[Task directions] Write out each entry word for word.

Saved entries:
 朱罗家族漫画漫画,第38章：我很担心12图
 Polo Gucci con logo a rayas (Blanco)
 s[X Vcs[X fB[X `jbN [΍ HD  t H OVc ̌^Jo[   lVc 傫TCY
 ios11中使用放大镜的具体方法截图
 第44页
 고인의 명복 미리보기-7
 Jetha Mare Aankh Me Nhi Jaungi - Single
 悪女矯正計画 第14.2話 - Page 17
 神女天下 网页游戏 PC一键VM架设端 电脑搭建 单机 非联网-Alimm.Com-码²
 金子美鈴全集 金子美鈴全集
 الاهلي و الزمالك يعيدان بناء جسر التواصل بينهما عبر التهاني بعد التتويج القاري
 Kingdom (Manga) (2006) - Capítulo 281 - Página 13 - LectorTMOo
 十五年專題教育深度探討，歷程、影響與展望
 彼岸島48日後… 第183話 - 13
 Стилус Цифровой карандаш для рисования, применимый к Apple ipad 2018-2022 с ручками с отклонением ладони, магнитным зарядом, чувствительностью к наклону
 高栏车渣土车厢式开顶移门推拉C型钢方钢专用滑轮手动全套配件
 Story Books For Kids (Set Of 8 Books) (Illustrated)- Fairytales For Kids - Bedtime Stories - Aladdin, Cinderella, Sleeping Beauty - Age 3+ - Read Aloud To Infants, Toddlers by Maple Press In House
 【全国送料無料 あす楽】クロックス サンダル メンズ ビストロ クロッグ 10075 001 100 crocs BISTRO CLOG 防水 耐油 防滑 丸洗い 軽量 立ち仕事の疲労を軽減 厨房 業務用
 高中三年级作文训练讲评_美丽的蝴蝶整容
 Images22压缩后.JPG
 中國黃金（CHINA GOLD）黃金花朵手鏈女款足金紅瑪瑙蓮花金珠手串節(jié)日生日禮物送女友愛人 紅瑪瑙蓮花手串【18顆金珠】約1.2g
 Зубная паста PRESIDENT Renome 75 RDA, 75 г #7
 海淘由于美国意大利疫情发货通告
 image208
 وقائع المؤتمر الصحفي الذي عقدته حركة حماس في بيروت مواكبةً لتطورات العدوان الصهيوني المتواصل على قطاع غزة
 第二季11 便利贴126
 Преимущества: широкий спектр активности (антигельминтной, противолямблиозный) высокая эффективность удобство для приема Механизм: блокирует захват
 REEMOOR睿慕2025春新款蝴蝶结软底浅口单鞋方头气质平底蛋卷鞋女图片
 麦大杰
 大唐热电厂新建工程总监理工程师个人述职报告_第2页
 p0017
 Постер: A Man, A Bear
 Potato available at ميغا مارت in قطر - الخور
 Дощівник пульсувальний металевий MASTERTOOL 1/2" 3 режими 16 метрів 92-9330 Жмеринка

[Task output]
 朱罗家族漫画漫画,第38章：我很担心12图
 Polo Gucci con logo a rayas (Blanco)
 s[X Vcs[X fB[X `jbN [΍ HD  t H OVc ̌^Jo[   lVc 傫TCY
 ios11中使用放大镜的具体方法截图
 第44页
 고인의 명복 미리보기-7
 Jetha Mare Aankh Me Nhi Jaungi - Single
 悪女矯正計画 第14.2話 - Page 17
 神女天下 网页游戏 PC一键VM架设端 电脑搭建 单机 非联网-Alimm.Com-码²
 金子美鈴全集 金子美鈴全集
 الاهلي و الزمالك يعيدان بناء جسر التواصل بينهما عبر التهاني بعد التتويج القاري
 Kingdom (Manga) (2006) - Capítulo 281 - Página 13 - LectorTMOo
 十五年專題教育深度探討，歷程、影響與展望
 彼岸島48日後… 第183話 - 13
 Стилус Цифровой карандаш для рисования, применимый к Apple ipad 2018-2022 с ручками с отклонением ладони, магнитным зарядом, чувствительностью к наклону
 高栏车渣土车厢式开顶移门推拉C型钢方钢专用滑轮手动全套配件
 Story Books For Kids (Set Of 8 Books) (Illustrated)- Fairytales For Kids - Bedtime Stories - Aladdin, Cinderella, Sleeping Beauty - Age 3+ - Read Aloud To Infants, Toddlers by Maple Press In House
 【全国送料無料 あす楽】クロックス サンダル メンズ ビストロ クロッグ 10075 001 100 crocs BISTRO CLOG 防水 耐油 防滑 丸洗い 軽量 立ち仕事の疲労を軽減 厨房 業務用
 高中三年级作文训练讲评_美丽的蝴蝶整容
 Images22压缩后.JPG
 中國黃金（CHINA GOLD）黃金花朵手鏈女款足金紅瑪瑙蓮花金珠手串節(jié)日生日禮物送女友愛人 紅瑪瑙蓮花手串【18顆金珠】約1.2g
 Зубная паста PRESIDENT Renome 75 RDA, 75 г #7
 海淘由于美国意大利疫情发货通告
 image208
 وقائع المؤتمر الصحفي الذي عقدته حركة حماس في بيروت مواكبةً لتطورات العدوان الصهيوني المتواصل على قطاع غزة
 第二季11 便利贴126
 Преимущества: широкий спектр активности (антигельминтной, противолямблиозный) высокая эффективность удобство для приема Механизм: блокирует захват
 REEMOOR睿慕2025春新款蝴蝶结软底浅口单鞋方头气质平底蛋卷鞋女图片
 麦大杰
 大唐热电厂新建工程总监理工程师个人述职报告_第2页
 p0017
 Постер: A Man, A Bear
 Potato available at ميغا مارت in قطر - الخور
 Дощівник пульсувальний металевий MASTERTOOL 1/2" 3 режими 16 метрів 92-9330 Жмеринка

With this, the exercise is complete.